Some of the additions were on smaller sheets carefully inserted, their place secured by dabs of sealing wax. These could be carefully folded out. Sometimes the new material met with the approval not just of the actors, but the play’s author and duly appeared in the print edition. On other occasions the additional lines existed only in the Larpent.
The manuscript of Elizabeth Griffith’s comedy The Times (LA499) contained all these possibilities, revealing the successive efforts of Drury Lane personnel to make it work as theatre.

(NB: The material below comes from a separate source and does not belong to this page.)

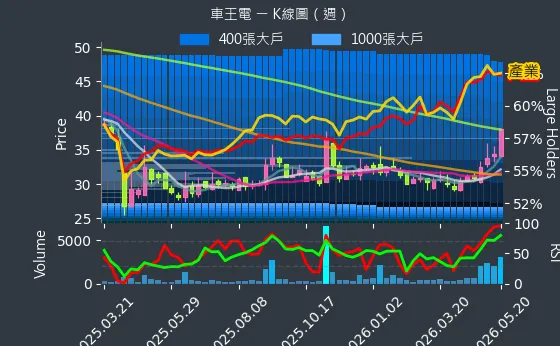 1533 車王電 週線圖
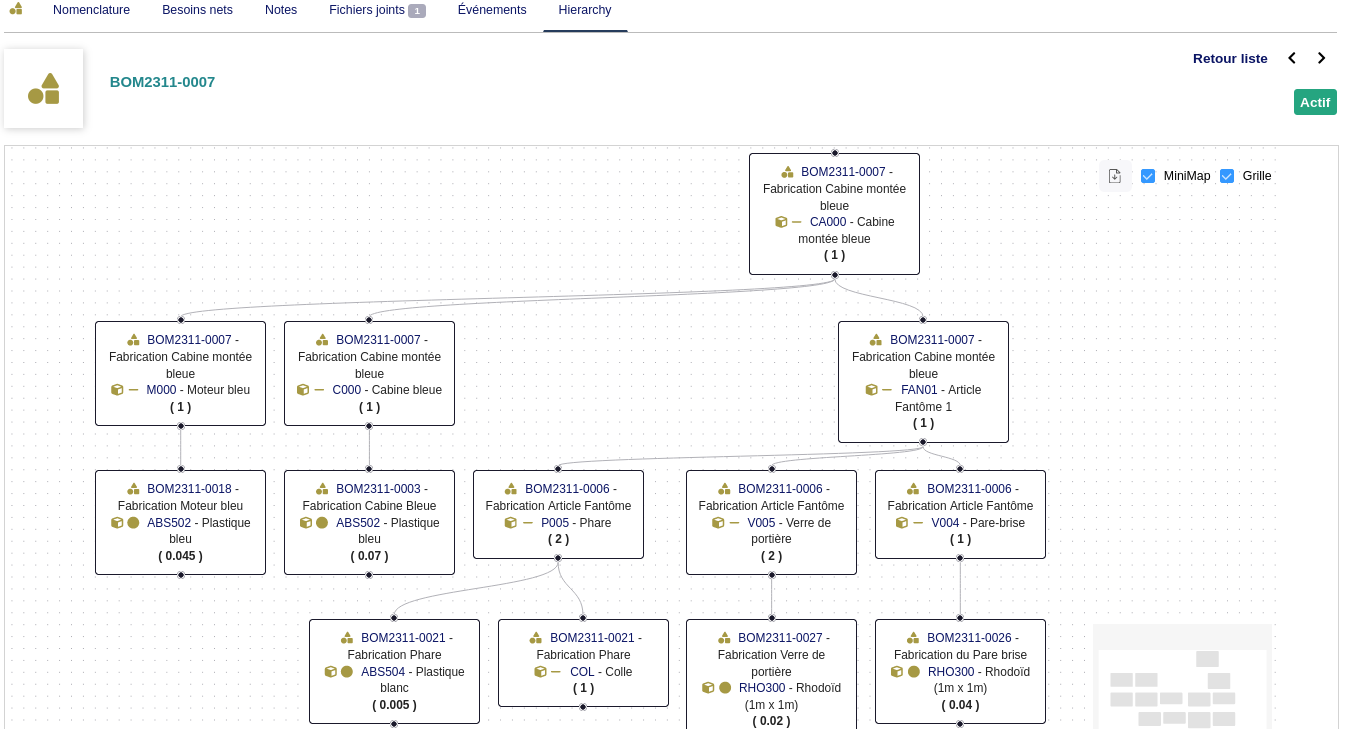 BomHierarchy (Vue hiérarchique des Nomenclatures Doliabrr)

By far the most striking example was the manuscript of the Shakespeare forgery Vortigern (LA1110) performed to much mockery in 1799. As with The Times, Drury Lane staff had laboured to make a wooden script work. Crossings out abounded; new text was devised and glued in. The censor had made a few interventions, fearful that Vortigern’s themes of betrayal and invasion might resonate with contemporary events.More captivating still was the evidence of human presence. In Act III Edmunda laments: ‘Last Whit Sunday they brought me/Roses and lilies fair’. Fixed to the script with a pin is a memorandum reading: ‘If Mrs Siddons does not sing this song – it will be necessary to insert a line to introduce the person who is to sing it’. The note might be for a co-worker, or simply a reminder to self.
Either way, it indicated a practical response to a particular, perhaps pressing issue. Mrs Siddons did not perform the song; in fact she was not in the production. The role of Edmunda went to Jane Powell but the song was taken by Elizabeth Leak, a younger actress and a better singer. The memo and its pin, so carefully threaded through, provide a window on the work and personal relationships at the heart of theatrical work, bringing it alive across a great distance of time. At the same time they give the manuscript a tangible bulkiness, another testimony to labour.